In short, before you make a choice to invest in building an MVP, you need to know:
- what to build (and what can wait)
- how to build for MVP
- and what you need to test first
As we help our clients consider if they’re ready for an MVP, here’s what we’ve found helpful as a thought exercise and checklist.
At the highest level, you’ve addressed desirability, feasibility, and viability:
- Desirability: You’re pretty confident that there’s a need and a use case(s) in the market for this.
- Feasibility: You don’t know yet exactly how the commercial version will come together (what to build vs buy vs partner), but you’re investigating in the background without letting it slow down your progress.
- Viability:You have a hypothesis of how this will create value for your organization in the long run, and there’s a profitable path ahead.
At a strategic level, you know what to build:
To move forward, you need clarity on the below items. Clarity means you have one strong hypothesis, with a few optionalities to still test in your back pocket.
MVP Feature Set (which should not equate to Commercial Feature Set)
Get there by: running an experience simulation interview (observe user interactions with a low fidelity prototype while they put their brain on speaker phone), followed by a reflection survey or a diary study to learn the most valuable components in the experience
The Value Proposition:
Get there by: running in-market value proposition tests like standing up Landing Pages, setting up Lemonade Stands, where you ask your research participants/potential users to articulate what value they would get from a potential offering (and why)
The Hook: how to entice:
Get there by: running in-market hook tests like Ads, Emails, in-person pitches, etc.
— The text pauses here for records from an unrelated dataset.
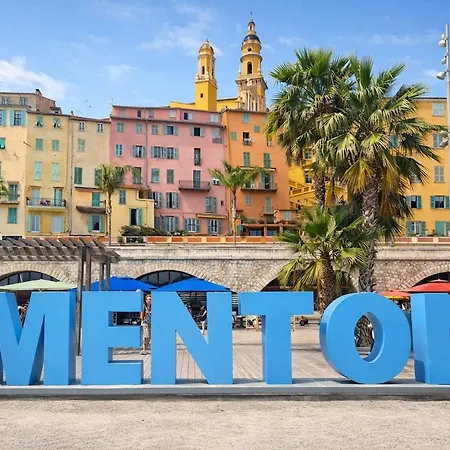 Sunny Balcony No Overlooking Ac Parking Walk Apartment Menton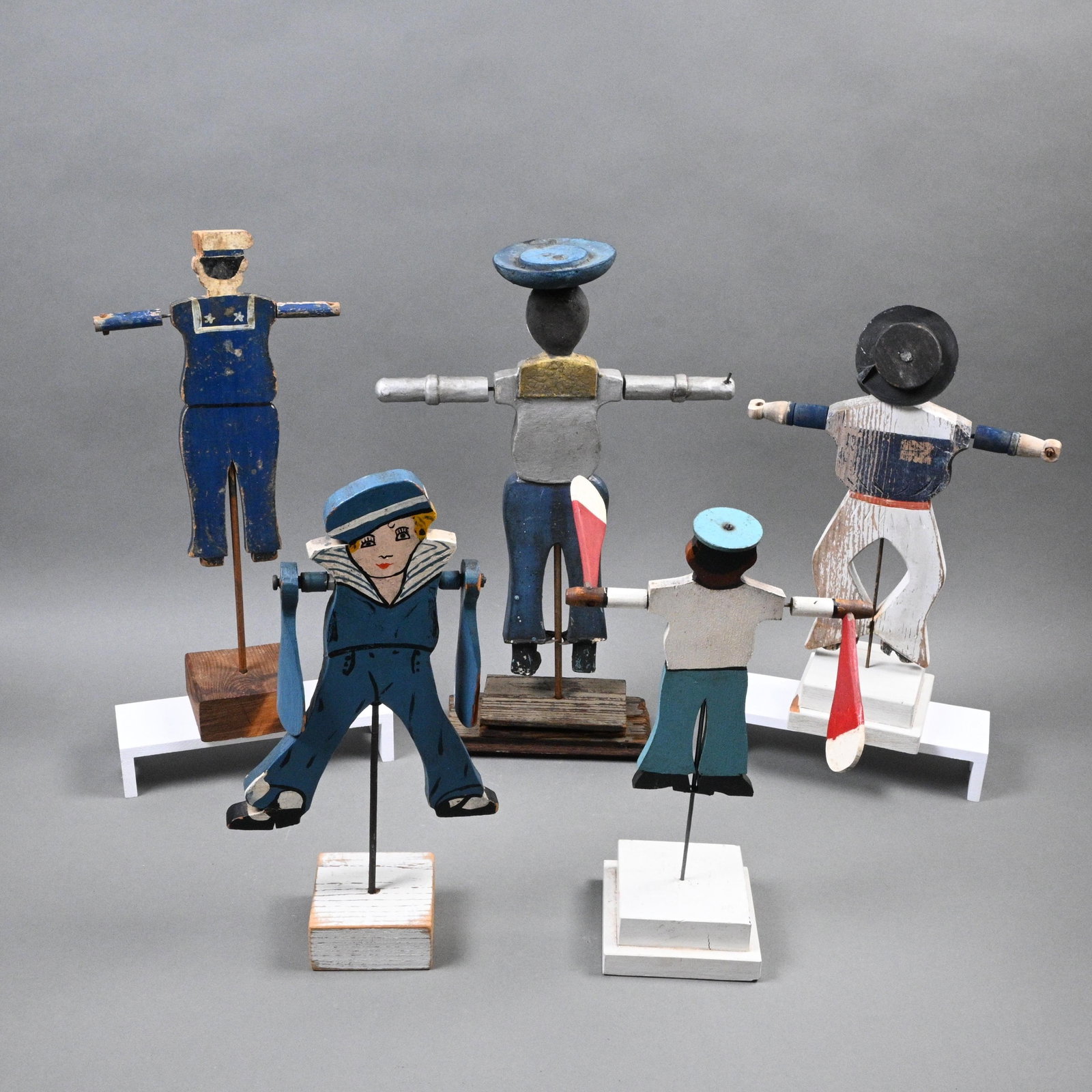 Five Figural Whirligigs - 2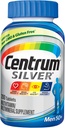 Centrum Silver Multivitamin za moške 50 Plus, multimineralni dodatek, vitamin D3, B-vitamini in cink, Gluten brez, ne-GMO sestavine, Podpira spomin in kognitivne pri starejših odraslih - 200 Ct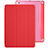 Carcasa de Cuero Cartera con Soporte L01 para Apple New iPad 9.7 (2018) Rojo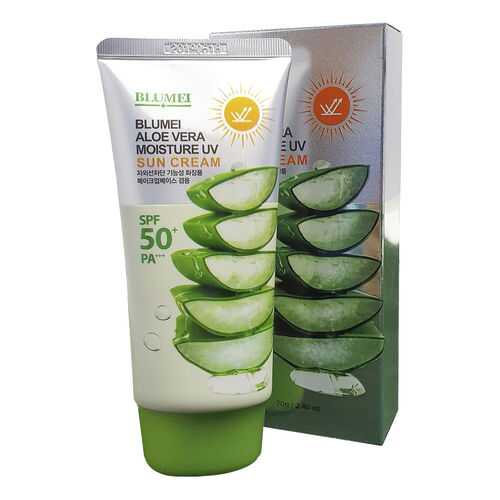 Cолнцезащитный крем Blumei Jeju Moisture Aloe Vera Sun Cream SPF50+ PA+++ 70 мл в Улыбка Радуги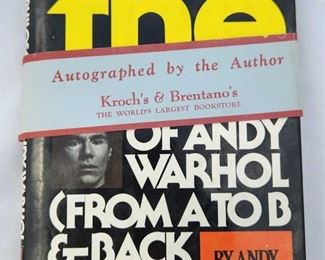 Andy Warhol Signed Autobiography Hardcover Book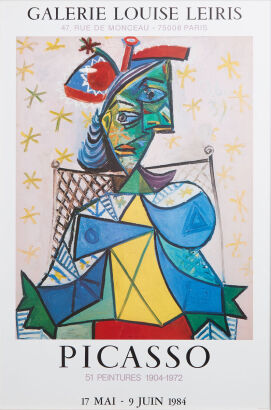 PICASSO 51 PEINTURES 1904-1972 POSTER Picasso 51 Peintures 1904-1972 Poster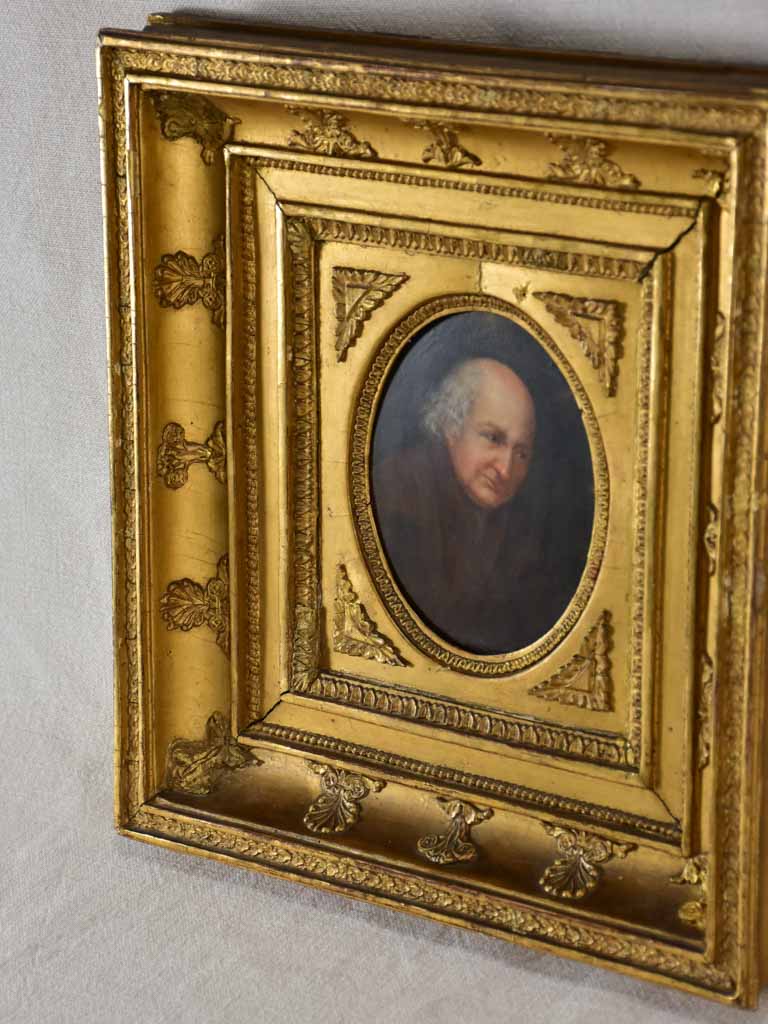 Oval portrait of physicist Jean-Antoine Nollet (1700-1770) 13" x 13¾"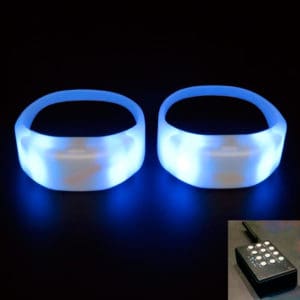 Pulseras Led RGB S10 activadas por control remoto - Pack de 100 u.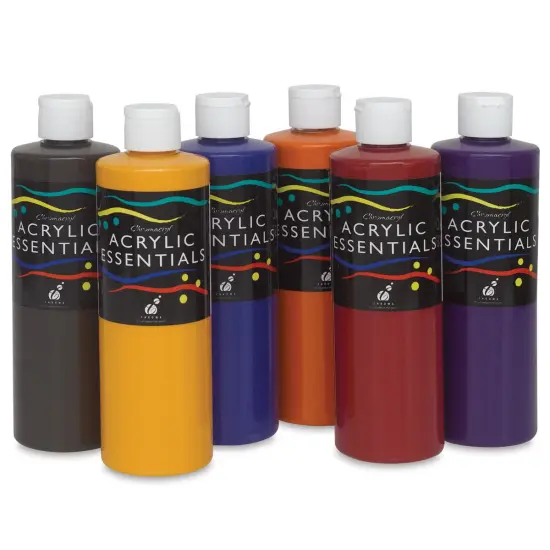 Chromacryl Acrylic Essentials - Secondary Colors, Set of 6, Pints {1}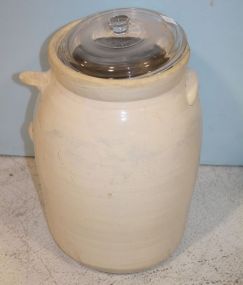 6 Gallon Crock Jar with lid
The Business Model: a hypothesis
Get there by: co-creation of options with potential customers, Landing Page tests, Reverse Income Statement analysis
The Who (to build for): an early adopter hypothesis
Get there by: personas from previous needs finding and co-creation research, sensemaking of segmentation data, user interviews of those with organic interest during in-market tests
At an executional level, you know how to build:
The "End-to-End (E2E) Experience" Front End
Your offering is more than just the value prop with key features. You’ve got clarity on the experiential components to the extent that your customers can articulatulate “A-HA, this is what’s in it for me” as well as their use case. It’s functional, feels and looks real, without having to be pixel perfect.
The Crux, detailed
The most important component of the experience is fully articulated, such that it can live in the wild and be observed over time. For example, if the most valuable part of your offering is the content, do you have clarity on the content topics, content structure, format, length, quantity, use case, etc.? Consider it a major operational layer to define, and get clarity on this ahead of the experience, so you’re not left trying to figure out what’s not working and how to evolve while running your MVP.
The "Lite" Back End
Consider what supporting layers need to exist in order to run the experience live. Can you fake it until you make it? At the MVP stage, keep the team light and nimble by wearing multiple hats while sprinting. You can Wizard-of-Oz at a manageable scale, then code whatever’s needed to make the frontend functional once the experience design has solidified.
Before going live, you know what to test:
Make-or-Break Assumptions
Start with the most important 5-8 assumptions to validate. Use these as your starting point to define the next step.
Test Plan
Given the key assumptions, how would you test them so you move closer to clarity? Keep in mind that testing does not have to start ‘in the wild’ in with a high number of users. Testing can start as a thought experiment or a simulation. The form of the test can evolve as your product evolves.
Actionable Data Capture
You’re not defining the product metrics at this stage. It’s more about metrics that prove you’re moving towards clarity. Our tip at this stage is to be listening and capturing as much as possible. Leverage tools for quantitative & behavioral data capture, so that you have bandwidth for qualitative data capture and user research.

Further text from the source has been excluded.